**WHAT YOU NEED TO DO:**
Repeat, word for word and with nothing added, each line from the one containing "Tommy Jeans - Sweatshirt" to the final line of the data, keeping both ends. Pictures are not part of the copy.

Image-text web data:
• • • •

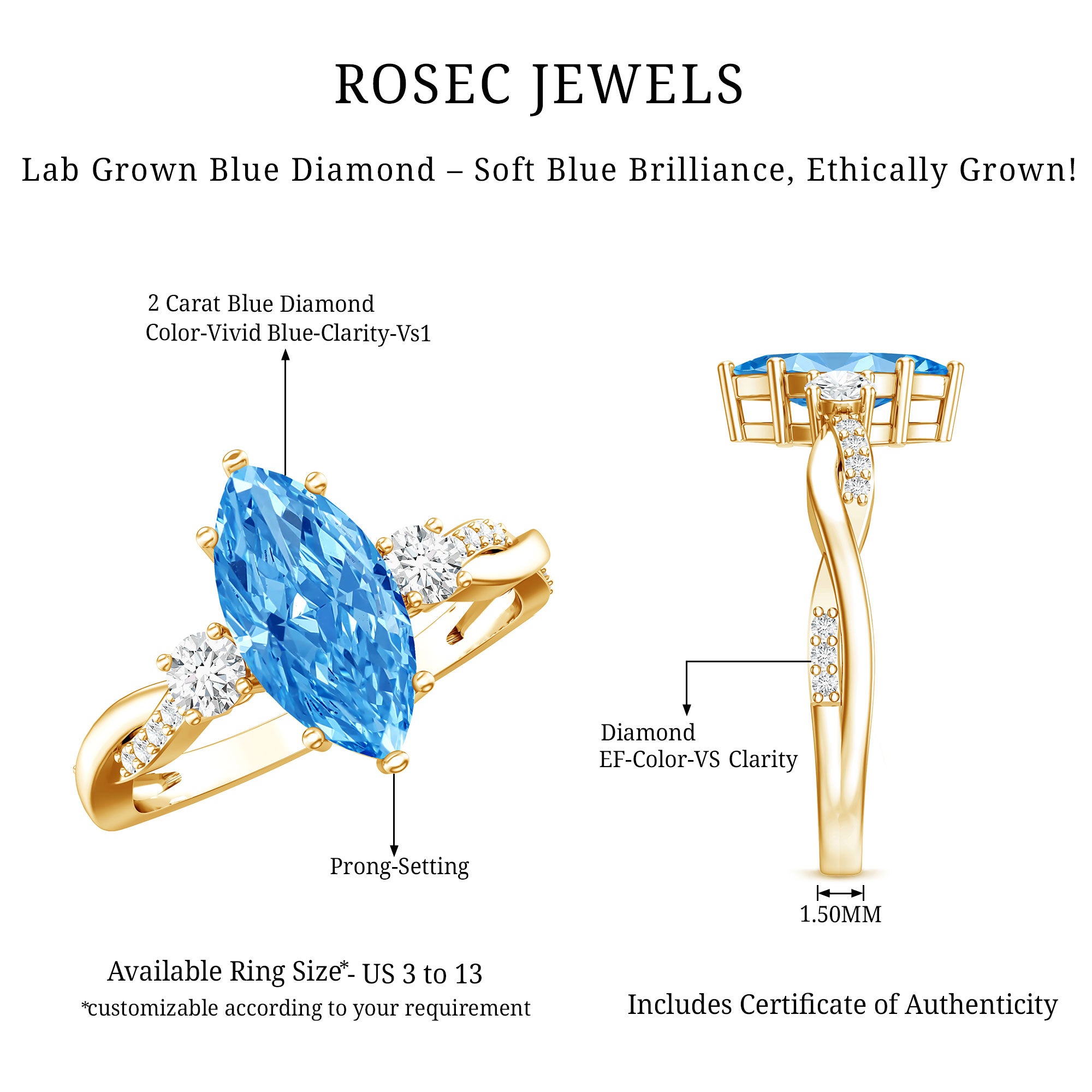 Rosec Jewels-IGI Certified Marquise Lab Grown Blue Diamond Designer Engagement Ring 2 Carat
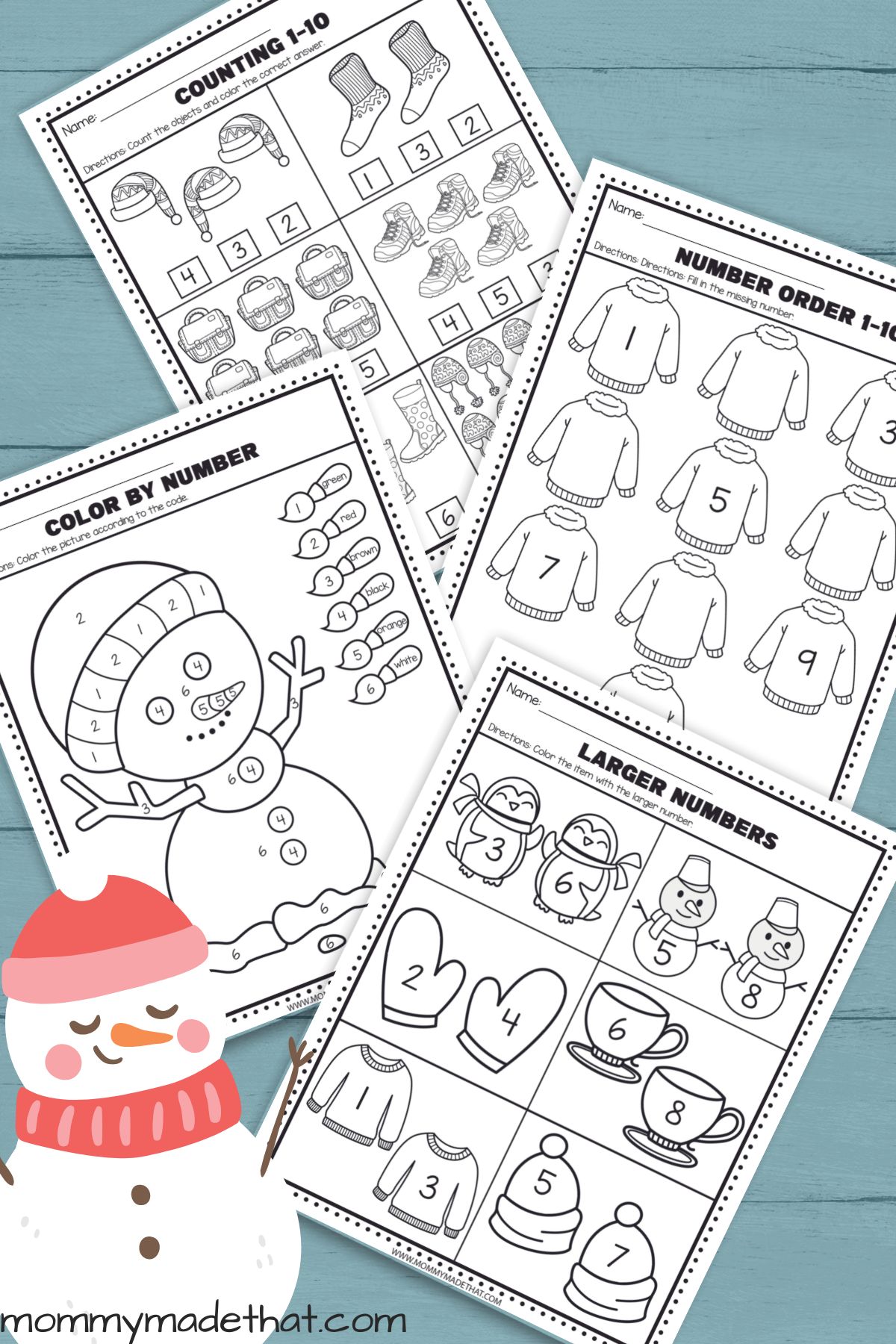 free winter preschool worksheets (great for kindergarten too!)
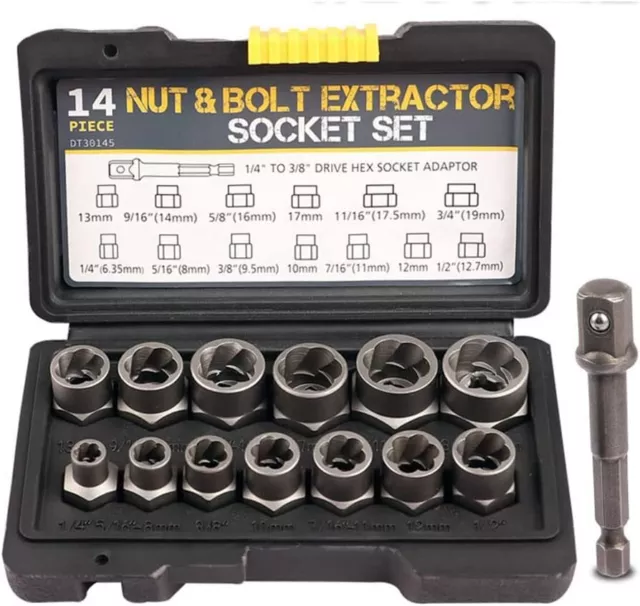 3/8" Locking Wheel Nut Remover Set Stud Bolt Impact Twist Sockets Extractor Tool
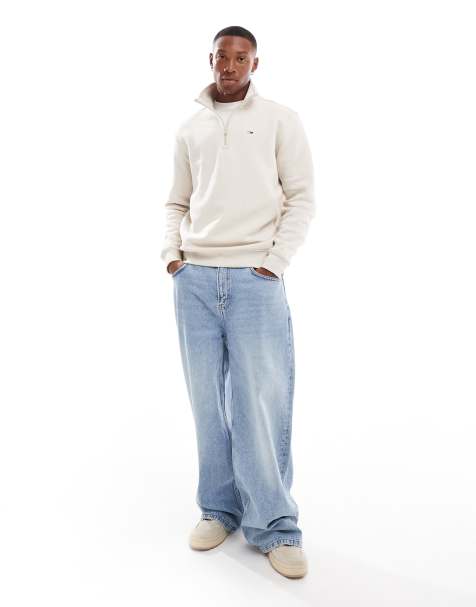 Tommy Jeans - Sweatshirt van fleece met opstaande boord en 1/4 rits in gebroken wit - view 1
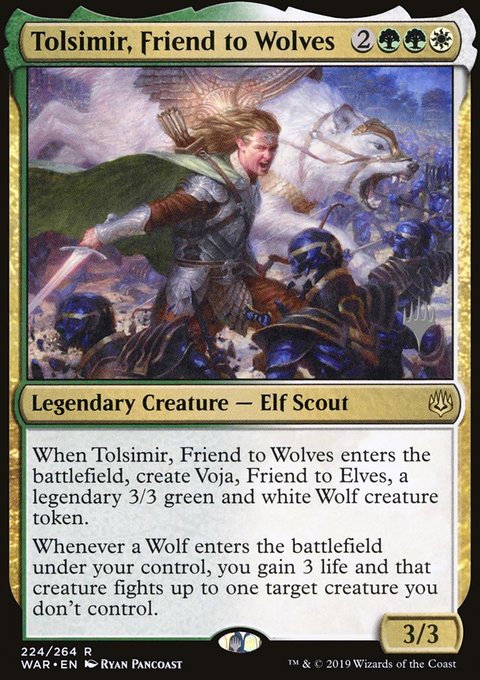 Tolsimir, Friend to Wolves, War of the Spark Promos #224p, Magic: The Gathering card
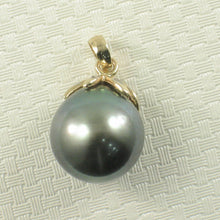 Load image into Gallery viewer, 14k Yellow Gold Star-Bale &amp; Diamond Semi-Round Tahitian Pearl Pendant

• • • •

**SOLVED EXERCISE:**
 Tommy Jeans - Sweatshirt van fleece met opstaande boord en 1/4 rits in gebroken wit - view 1
 Tolsimir, Friend to Wolves, War of the Spark Promos #224p, Magic: The Gathering card
 Load image into Gallery viewer, 14k Yellow Gold Star-Bale &amp; Diamond Semi-Round Tahitian Pearl Pendant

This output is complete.